Ainsi, la conception rousseauiste du travail place cette activité comme un devoir social. Elle traduit une conception de la liberté comme non domination, qui suppose que riches comme pauvres doivent travailler. La limitation des inégalités matérielles et l’indépendance assurée par les revenus du travail permettent d’affermir la liberté et l’égalité civiles. Si, pour reprendre son propos dans l’Émile, « travailler est donc un devoir indispensable à l’homme social. Riche ou pauvre, puissant ou faible, tout citoyen oisif est un fripon », cela ne suppose pas pour autant de punir celui qui vit de l’aumône. En effet, le premier devoir du gouvernement est de s’assurer que personne ne soit réduit à devoir mendier. Son propos est explicite dans son Discours sur l’économie politique : « le devoir [du gouvernement] n’est pas, comme on doit le sentir, de remplir les greniers des particuliers et les dispenser du travail, mais de maintenir l’abondance tellement à leur portée, que pour l’acquérir le travail soit toujours nécessaire et ne soit jamais inutile ». Ainsi, le fondement de l’utilité sociale défendu par Larochefoucauld-Liancourt vacille concernant la protection des droits fondamentaux. La place que donne Rousseau au travail n’est légitime qu’à la condition de diminuer fortement les inégalités économiques. De plus, la répression de la mendicité déroge également à la conception lockéenne de la liberté. Bien que Locke se montre dur à l’égard de ceux vivant de l’aumône dans son Report on the poor, celui-ci entend obliger les communautés à secourir leurs pauvres si elles ne leur trouvent pas de travail pour subsister. 

Aujourd’hui, la répression de la mendicité constitue un angle mort dans nos sociétés libérales. Celles-ci placent le travail et l’utilité économique comme le fondement du lien social, légitimant la sanction à l’égard de ceux qui s’en écartent.
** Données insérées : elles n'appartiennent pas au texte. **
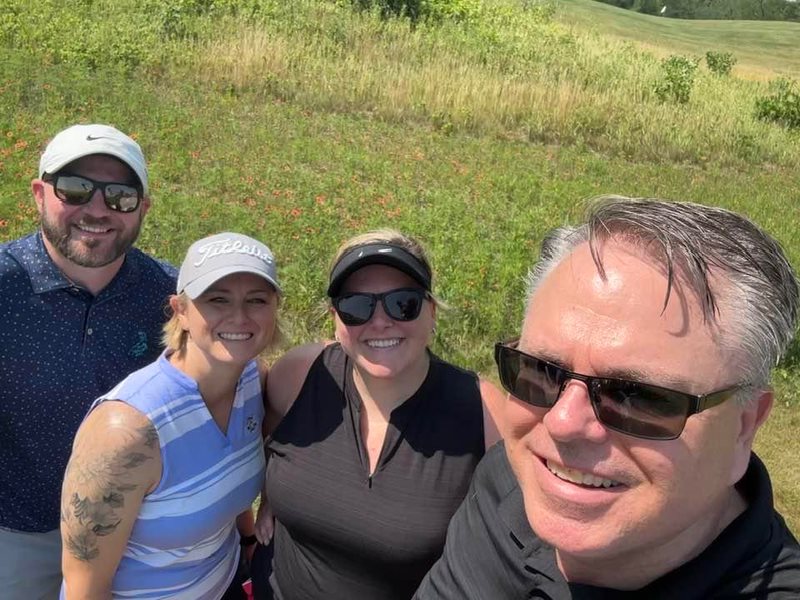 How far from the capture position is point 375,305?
2246mm

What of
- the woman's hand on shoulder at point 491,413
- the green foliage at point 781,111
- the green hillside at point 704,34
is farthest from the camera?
the green hillside at point 704,34

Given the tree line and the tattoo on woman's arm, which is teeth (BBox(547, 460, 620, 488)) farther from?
the tree line

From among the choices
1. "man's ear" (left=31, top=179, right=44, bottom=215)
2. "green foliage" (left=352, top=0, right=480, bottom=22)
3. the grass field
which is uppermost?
"green foliage" (left=352, top=0, right=480, bottom=22)

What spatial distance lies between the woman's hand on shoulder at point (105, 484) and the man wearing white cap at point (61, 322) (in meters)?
0.46

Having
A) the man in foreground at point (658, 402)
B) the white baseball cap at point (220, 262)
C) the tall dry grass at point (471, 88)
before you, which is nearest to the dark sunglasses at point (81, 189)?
the white baseball cap at point (220, 262)

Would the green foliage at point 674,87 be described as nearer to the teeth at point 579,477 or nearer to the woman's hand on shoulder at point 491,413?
the woman's hand on shoulder at point 491,413

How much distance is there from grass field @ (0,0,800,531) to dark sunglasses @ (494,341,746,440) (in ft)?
11.4

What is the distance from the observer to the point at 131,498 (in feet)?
Result: 6.39

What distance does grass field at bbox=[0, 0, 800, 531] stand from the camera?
20.7 ft

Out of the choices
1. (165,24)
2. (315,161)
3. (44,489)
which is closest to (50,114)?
(315,161)

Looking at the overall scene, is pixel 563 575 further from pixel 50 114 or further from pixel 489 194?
pixel 50 114

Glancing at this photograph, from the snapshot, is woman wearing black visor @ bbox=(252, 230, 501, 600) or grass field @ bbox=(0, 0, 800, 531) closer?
woman wearing black visor @ bbox=(252, 230, 501, 600)

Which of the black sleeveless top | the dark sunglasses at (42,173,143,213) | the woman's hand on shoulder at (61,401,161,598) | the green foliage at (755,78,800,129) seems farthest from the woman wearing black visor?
the green foliage at (755,78,800,129)

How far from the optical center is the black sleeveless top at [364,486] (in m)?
2.03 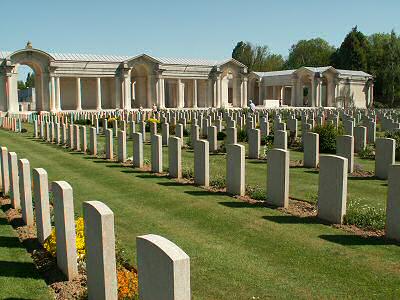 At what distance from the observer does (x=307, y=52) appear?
9688 cm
Cette approche morale du traitement de la mendicité, puisant son origine au Moyen-Âge, justifie la répression en raison d’une volonté supposément délibérée de survivre dans cette situation, et de troubler, par la demande d’aumône, l’ordre public. Pourtant, la mendicité, ultime recours à la survie, suppose, pour reprendre l’arrêt de la CEDH, « le droit, inhérent à la dignité humaine, de pouvoir exprimer sa détresse et essayer de remédier à ses besoins ».